The heart makes the intuitive leap, faster than the intellect can follow. Her heart leaps to the Logion, mine then leaps to the Eucharist. “Eating the stones” in my dream invites me to take in Jesus’s energetic presence, as in taking communion.
That evening I decide to honor the dream. I pick up a stone, one I have brought back from Lake Superior. It is small and flat, like a wafer. It has a weird smiley face on it, drawn by Nature. I hold it in my mouth during my meditation.
It is uncomfortable and awkward and tastes stony at first but during the 20 minutes the stone “dissolves,” that is, ceases to be separate from me. I can no longer feel it in my mouth unless I move my tongue. It acquires my body temperature, becomes light, becomes nothing.
It is not hard at all to imagine, if not to feel, an exchange of energy between the stone and myself. It is not hard at all to call this an intimate encounter with someone.
But how do you know, and why would you want to do such a thing? I hear the questions in myself as well as in you.
How do you know? This is the easy question. I know from the heart, the intuition, the lightning-quick knowing that does not go through the slow filter of logic and dogma. The heart tells me, this is both the stone and Jesus, and it is the You that is one with the stone and with Jesus, that is one with all.
Why would you want to do such a thing? This is the more difficult question, because it can be answered in two ways. The first way refers back to the answer to the first question. The desire for such an experience, the desire to follow the heart, comes from and through the heart, which is the spiritual sensing organ. (Thanks to Cynthia Bourgeault for this term and for other concepts in this post. See also my last post on three-centered knowing.)

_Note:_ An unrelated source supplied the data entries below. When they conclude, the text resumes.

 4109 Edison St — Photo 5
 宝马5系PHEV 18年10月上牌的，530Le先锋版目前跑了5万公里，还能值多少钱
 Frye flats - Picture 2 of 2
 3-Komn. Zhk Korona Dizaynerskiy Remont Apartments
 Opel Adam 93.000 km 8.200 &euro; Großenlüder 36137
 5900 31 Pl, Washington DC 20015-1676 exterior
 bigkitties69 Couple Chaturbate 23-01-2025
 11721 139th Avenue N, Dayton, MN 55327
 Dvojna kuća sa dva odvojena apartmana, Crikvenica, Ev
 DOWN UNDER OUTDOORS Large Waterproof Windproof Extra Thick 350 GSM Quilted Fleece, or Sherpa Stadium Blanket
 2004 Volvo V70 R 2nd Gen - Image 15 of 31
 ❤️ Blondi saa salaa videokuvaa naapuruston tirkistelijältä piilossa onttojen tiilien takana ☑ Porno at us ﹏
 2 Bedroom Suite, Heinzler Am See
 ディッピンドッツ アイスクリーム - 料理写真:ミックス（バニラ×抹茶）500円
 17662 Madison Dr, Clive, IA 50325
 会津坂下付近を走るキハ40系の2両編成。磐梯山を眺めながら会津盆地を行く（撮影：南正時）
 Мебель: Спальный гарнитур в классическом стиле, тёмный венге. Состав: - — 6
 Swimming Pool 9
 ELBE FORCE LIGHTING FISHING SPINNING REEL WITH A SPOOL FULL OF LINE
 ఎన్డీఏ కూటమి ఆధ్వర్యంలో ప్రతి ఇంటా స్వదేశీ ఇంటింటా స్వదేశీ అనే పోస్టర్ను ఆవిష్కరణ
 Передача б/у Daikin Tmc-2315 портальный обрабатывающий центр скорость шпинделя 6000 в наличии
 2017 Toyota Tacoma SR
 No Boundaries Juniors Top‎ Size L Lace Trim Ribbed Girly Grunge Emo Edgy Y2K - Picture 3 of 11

A less circular answer, filtered through the important, but not all-important, intellect, is longer. I want to do such things in order to see more deeply, to see and understand with more of my being. I want to do such things in order to increase my being, my presence and aliveness and awakeness in this world. I want to do such things in order get beyond the limits of my current operating system, which separates, makes distinctions, compares, critiques, and draws boundaries around myself, and tap into another operating system that experiences the unity of all things.
And the “why” underneath all this is–because. Because it is possible and because I am being nudged toward this by growing dissatisfaction with the usual ways of knowing and responding in a world that is in crisis.
I am dumbstruck and awed to learn that Jesus was right on this path, offering it and nudging us toward it, and still is. Jesus the wisdom teacher and Jesus the Living One. In all my life I never learned this in Sunday School, never picked it up in sermons. But then, perhaps I was not ready. I did not have ears to hear.
My ears are opening up. One thing leads to another. This morning, meditating again, I pick up a stone and hold it in my hand. It warms quickly and I feel an energetic, throbbing tingle in my fingers. It is not the rhythm of my own heartbeat. It is slower, the energy of the stone.
And later, in the morning’s sermon, I catch a gem of a line. The young preacher reels off a long list of sins that captures the limits and flounderings of the human spirit. This one flies by so fast I’m not sure it is what he actually said, but I think so: the sin of “failing to wallow in the joy of being alive.”
I laugh. Not guilty! Today, thanks to stones, open-hearted, I am wallowing in the joy of being alive.
“failing to wallow in the joy of being alive”
O, Great Wallowing, Leading, Nudging, Experimenting Life!
We sang the haunting, “A stable lamp is lighted” (STS 25), pre-service. Here is the last verse:
But now, as at the ending, the low is lifted high;
the stars shall bend their voices, and ev’ry stone shall cry.
And ev’ry stone shall cry, in praises of the child
by whose descent among us the worlds are reconciled.
Ahhhhhh.
This is wonderful. Nancy! I am so glad to be the recipient of wisdom from you and Nina!